## DATASET ENTRIES:
++++++++

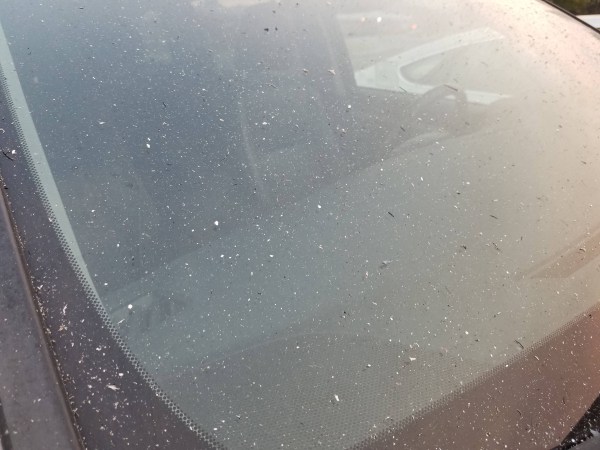 ash on car windshield
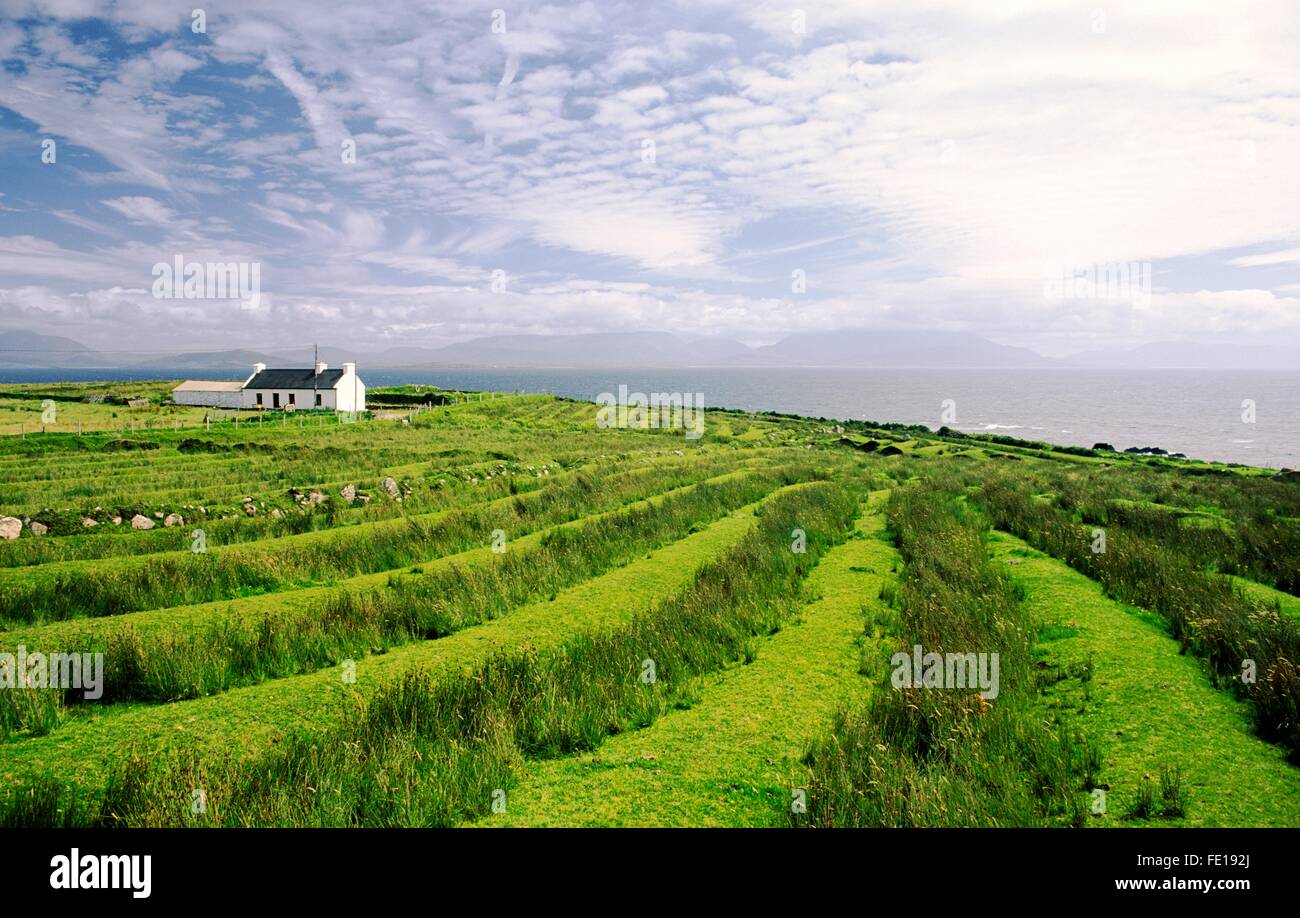 Ferienhaus Croft Farm zeigt Ridge und Furche Anbau Feld Muster auf Clare Island vor der Küste der Grafschaft Mayo, Irland Stockfoto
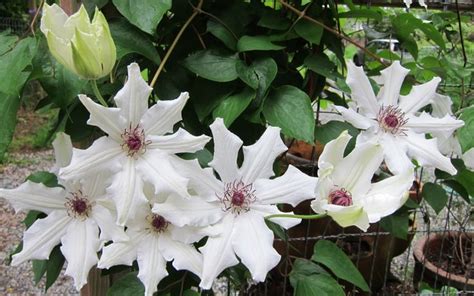 Clematis Fragrant Star Clematis Dahlia Flowers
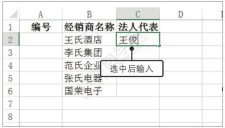 Excel2019中文本与数字的输入方法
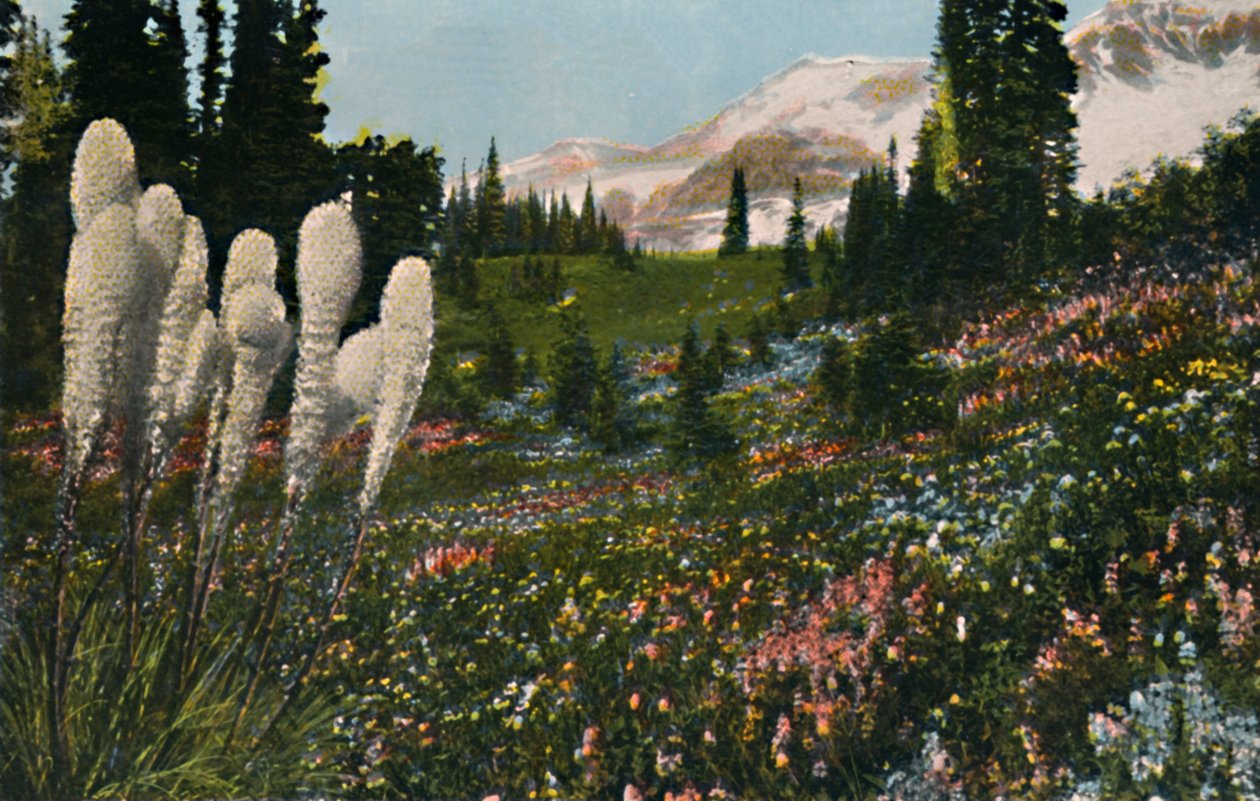 印度篮子草生长在雷尼尔山国家公园，c1916 作者 阿萨尔·柯蒂斯（Asahel Curtis）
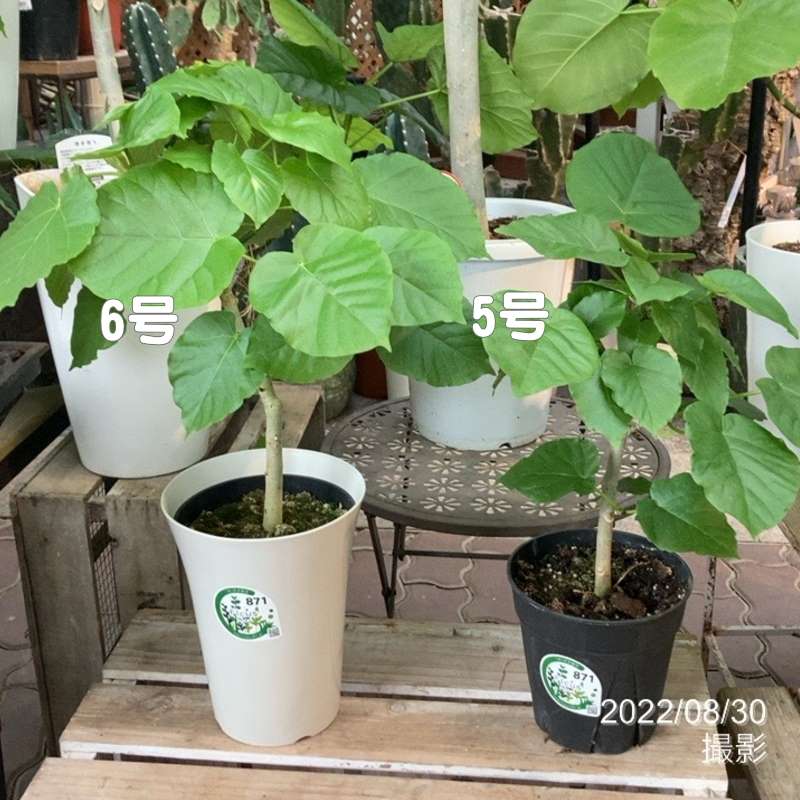 フィカス ウンベラータ 6号|観葉04-PA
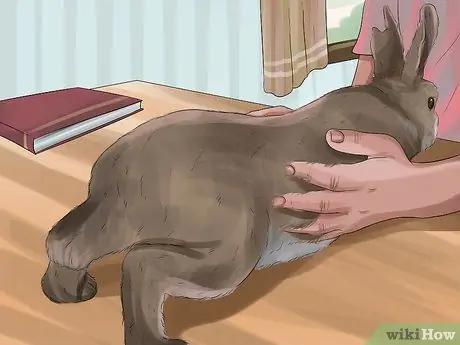 Как узнать, болит ли ваш кролик Шаг 9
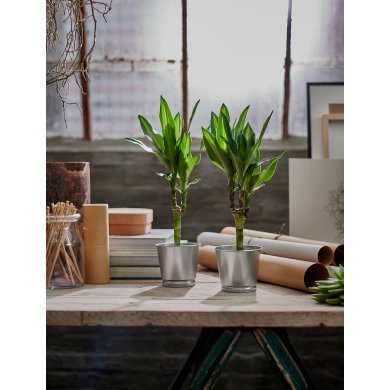 IKEA Кашпо BINTJE (ИКЕА БИНТЬЕ) 80334127 фото - 4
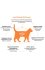 Grandorf Vet Cat Gastrointestinal (Индейка)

++++++++

## TASK OBJECTIVE:
Transcribe every line of the records exactly. Pictures do not belong in the copy.

## ANSWER TO THIS TASK:
 ash on car windshield
 Ferienhaus Croft Farm zeigt Ridge und Furche Anbau Feld Muster auf Clare Island vor der Küste der Grafschaft Mayo, Irland Stockfoto
 Clematis Fragrant Star Clematis Dahlia Flowers
 Excel2019中文本与数字的输入方法
 印度篮子草生长在雷尼尔山国家公园，c1916 作者 阿萨尔·柯蒂斯（Asahel Curtis）
 フィカス ウンベラータ 6号|観葉04-PA
 Как узнать, болит ли ваш кролик Шаг 9
 IKEA Кашпо BINTJE (ИКЕА БИНТЬЕ) 80334127 фото - 4
 Grandorf Vet Cat Gastrointestinal (Индейка)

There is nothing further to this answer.